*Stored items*
□ □ □ □

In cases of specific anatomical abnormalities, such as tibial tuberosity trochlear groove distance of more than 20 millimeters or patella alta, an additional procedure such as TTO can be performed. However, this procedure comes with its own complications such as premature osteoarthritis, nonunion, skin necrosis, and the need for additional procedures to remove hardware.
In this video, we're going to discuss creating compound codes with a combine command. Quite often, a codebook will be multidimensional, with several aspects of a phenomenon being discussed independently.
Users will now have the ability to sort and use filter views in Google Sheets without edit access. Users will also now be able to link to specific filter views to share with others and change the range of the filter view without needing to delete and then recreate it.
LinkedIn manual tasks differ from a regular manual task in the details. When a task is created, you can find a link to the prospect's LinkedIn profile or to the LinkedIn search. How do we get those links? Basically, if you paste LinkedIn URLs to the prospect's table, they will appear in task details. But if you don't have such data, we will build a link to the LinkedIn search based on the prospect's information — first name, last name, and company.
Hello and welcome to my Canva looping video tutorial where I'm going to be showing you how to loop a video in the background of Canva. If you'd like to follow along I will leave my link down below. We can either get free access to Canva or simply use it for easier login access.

□ □ □ □

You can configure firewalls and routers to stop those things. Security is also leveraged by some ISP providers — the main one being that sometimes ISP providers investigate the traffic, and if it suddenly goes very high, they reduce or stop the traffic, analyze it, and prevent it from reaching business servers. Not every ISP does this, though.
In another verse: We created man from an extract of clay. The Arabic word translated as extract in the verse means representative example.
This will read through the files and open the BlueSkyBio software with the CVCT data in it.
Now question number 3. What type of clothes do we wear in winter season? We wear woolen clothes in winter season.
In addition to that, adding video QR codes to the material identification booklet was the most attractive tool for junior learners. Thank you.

□ □ □ □

*Work to complete*
Set down exactly the lines of the data above, beginning with the line that has "Now question number" and ending with the line that has "In addition to", and no others.

*Response area*
Now question number 3. What type of clothes do we wear in winter season? We wear woolen clothes in winter season.
In addition to that, adding video QR codes to the material identification booklet was the most attractive tool for junior learners. Thank you.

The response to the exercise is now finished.